Me hace feliz la serenidad, el poder hacer las cosas despacito y con buena letra. Me hace feliz tener un libro de reclamaciones de la vida a mano y no usarlo. Nunca me ha gustado quejarme de más, y siempre he tendido a quejarme de menos. Pero no creo que sea bueno poner trabas innecesarias en el camino, que sólo lo dificultan y hacen más denso e inaccesible.
Ya no suelo idealizar las cosas, ni a las personas, pues se merecen la oportunidad de mostrarse tal como sean sin ideas preconcebidas que juzguen y cohíban. Si pudiera, iría repartiendo a cada nueva persona que conozco una pizarra en blanco. Y que escribieran lo que les diera la gana, lo que quisieran, sin preocuparles lo que cualquiera pensara de ellos al colgársela y exponerla a nuestra mirada. Es más, si pudiera, les diría que dejaran su contenido no expuesto, mirando a su pecho, y que sólo se lo mostraran a quien quisieran. No animaría a nadie a esconderse, pero tampoco a beberse la vida a gritos. Animaría a caminar como quisieran, pero a alimentar su propio arte.
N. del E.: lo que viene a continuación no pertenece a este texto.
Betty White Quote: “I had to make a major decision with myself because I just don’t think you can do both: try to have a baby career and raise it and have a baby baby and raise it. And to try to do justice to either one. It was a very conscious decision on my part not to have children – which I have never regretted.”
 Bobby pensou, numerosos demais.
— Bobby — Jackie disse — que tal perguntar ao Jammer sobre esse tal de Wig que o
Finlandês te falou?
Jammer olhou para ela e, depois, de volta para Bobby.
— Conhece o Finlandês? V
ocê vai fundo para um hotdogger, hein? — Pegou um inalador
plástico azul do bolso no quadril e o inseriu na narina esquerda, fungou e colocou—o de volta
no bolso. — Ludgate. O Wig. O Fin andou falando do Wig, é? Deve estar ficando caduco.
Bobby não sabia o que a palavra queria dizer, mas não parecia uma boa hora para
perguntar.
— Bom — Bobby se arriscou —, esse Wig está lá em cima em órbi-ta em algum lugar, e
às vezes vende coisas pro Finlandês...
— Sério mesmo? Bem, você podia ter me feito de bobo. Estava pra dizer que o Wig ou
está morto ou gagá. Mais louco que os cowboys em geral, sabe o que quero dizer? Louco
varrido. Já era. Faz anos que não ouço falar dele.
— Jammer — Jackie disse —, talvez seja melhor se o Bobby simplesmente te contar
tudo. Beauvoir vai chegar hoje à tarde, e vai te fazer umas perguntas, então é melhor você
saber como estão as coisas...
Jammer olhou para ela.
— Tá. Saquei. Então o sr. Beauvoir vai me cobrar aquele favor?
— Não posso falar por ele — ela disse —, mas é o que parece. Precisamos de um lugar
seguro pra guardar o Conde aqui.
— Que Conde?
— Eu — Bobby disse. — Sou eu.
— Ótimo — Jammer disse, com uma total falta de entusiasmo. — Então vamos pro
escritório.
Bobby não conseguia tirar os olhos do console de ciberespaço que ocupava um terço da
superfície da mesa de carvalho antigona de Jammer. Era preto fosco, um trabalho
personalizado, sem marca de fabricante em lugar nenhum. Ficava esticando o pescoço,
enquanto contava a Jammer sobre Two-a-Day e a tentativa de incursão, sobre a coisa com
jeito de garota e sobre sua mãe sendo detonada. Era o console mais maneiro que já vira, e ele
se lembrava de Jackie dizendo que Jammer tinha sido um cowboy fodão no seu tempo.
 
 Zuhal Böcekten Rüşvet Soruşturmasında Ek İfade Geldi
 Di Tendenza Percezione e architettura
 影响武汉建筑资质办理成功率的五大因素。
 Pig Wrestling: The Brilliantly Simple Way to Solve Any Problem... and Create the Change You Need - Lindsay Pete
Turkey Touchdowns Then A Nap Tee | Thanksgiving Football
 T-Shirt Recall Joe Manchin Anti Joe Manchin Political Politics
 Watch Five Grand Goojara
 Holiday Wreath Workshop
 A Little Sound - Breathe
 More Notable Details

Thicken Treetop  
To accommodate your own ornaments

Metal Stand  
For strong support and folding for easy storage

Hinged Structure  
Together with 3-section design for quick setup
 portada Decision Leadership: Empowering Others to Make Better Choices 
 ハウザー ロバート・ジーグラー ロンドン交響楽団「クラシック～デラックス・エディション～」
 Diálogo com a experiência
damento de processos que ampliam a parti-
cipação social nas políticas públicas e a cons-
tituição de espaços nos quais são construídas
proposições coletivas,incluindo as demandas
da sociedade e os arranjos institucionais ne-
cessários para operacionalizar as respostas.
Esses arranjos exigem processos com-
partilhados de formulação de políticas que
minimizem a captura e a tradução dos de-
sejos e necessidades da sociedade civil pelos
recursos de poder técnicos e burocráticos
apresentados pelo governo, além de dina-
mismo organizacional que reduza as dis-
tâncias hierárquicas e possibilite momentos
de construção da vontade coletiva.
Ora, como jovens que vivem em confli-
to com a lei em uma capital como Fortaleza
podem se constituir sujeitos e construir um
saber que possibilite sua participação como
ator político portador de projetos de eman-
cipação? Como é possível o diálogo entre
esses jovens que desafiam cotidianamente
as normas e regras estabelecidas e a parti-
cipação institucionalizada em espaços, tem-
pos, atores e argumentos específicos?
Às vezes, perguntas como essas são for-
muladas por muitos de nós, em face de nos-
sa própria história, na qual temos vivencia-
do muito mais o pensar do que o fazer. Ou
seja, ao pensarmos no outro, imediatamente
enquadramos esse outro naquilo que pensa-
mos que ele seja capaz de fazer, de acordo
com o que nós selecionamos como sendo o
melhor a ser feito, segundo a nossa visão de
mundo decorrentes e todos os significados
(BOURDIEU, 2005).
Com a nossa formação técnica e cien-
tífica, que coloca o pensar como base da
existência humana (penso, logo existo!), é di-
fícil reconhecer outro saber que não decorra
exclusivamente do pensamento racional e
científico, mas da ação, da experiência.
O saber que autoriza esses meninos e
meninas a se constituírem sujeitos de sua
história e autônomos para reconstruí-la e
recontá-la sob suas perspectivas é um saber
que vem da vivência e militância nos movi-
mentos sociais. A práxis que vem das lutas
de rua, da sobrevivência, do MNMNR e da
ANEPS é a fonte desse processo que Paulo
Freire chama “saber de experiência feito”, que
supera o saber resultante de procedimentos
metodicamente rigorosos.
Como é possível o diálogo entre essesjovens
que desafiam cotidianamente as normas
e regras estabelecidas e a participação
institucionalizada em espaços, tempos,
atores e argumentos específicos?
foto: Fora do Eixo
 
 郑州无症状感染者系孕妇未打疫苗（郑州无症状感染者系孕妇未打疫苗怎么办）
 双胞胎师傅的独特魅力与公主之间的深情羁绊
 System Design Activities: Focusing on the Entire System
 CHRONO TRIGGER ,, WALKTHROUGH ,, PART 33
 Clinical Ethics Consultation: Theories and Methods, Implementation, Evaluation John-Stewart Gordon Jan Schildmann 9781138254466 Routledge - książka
Me encanta septiembre, porque es siempre el mes de las promesas. De las promesas que nos hacemos a nosotros mismos, de nuestros intentos por renovarnos y, al mismo tiempo, de volver a pillarle el ritmo a cierta rutina. Si pudiera cambiaría el significado de la palabra rutina por otro más amable o eufemístico, con tal de que no la miraran mal cada vez que asoma. O cambiaría su significante por disfrazarla un poco, ya que no se me ocurre un sinónimo total por el que remplazarla.
Rutina y cambio no son opuestos, sino amigos. Y en realidad creo que la rutina como tal no existe, sino que se finje, se aparenta, para andar uno más tranquilo en los movimientos matinales. Luego llega la noche y nadie quiere ni se atiene a un plan, todos quieren improvisar, y fluir.
Pero la rutina no engloba sólo movimientos, sino que nos engloba a nosotros mismos, y a nuestros caracteres. Es entonces cuando entra en juego septiembre, y nuestras metas, nuestros deseos de cambio de actitud o de tomarnos las cosas con más calma, o más en serio. Es entonces cuando siento una gran curiosidad por saber qué entrará a formar parte de la lista de cada uno, de sus propósitos e intenciones. Y me da pena observar listas vacías, un bolígrafo tirado en una mesa que da demasiada pereza coger, que está pendiente de una orden del cerebro que no llegará, porque ese cerebro ni siquiera se acuerda de su lista. A eso sí que lo llamo entrar en rutina, rutina que atrofia y adormece los sentidos, y aquí a 'rutina' la sustituiría por 'bucle de inercia', o alguna tontería por el estilo. Bienvenidos al nuevo 'arte' del no pensar.
Pronto todos tendremos que elegir entre hacer lo que es fácil o lo que está bien.
semillas amarillas, semillas rotas de nuevo.
Hace 6 años
1 comentarios:
Creo que es una de las cosas que has escrito que me parece más profundamente tuya. En serio, es como cuando me decías que puede que seamos un par de bichos raros por eso de ser un poco inertes.
Pienso que está relacionado, en este caso en el buen sentido. Me gusta tener una rutina porque tengo la cabeza lo suficientemente libre como para poder pensar en lo que realmente importa.
Con el cerebro en rutina, hago todo mecánicamente, y eso no tiene porqué ser necesariamente malo, porque, como digo, puedes utilizar ese espacio para cosas más interesantes, o precisamente para disfrutar mucho, muchísimo, saltándote la rutina.
Porque creo que es lo más importante: una vez te has buscado la rutina, alimentar a tu cabeza buscando nuevas maneras de saltártela. No sé, creo que eso es ser creativo en esta vida.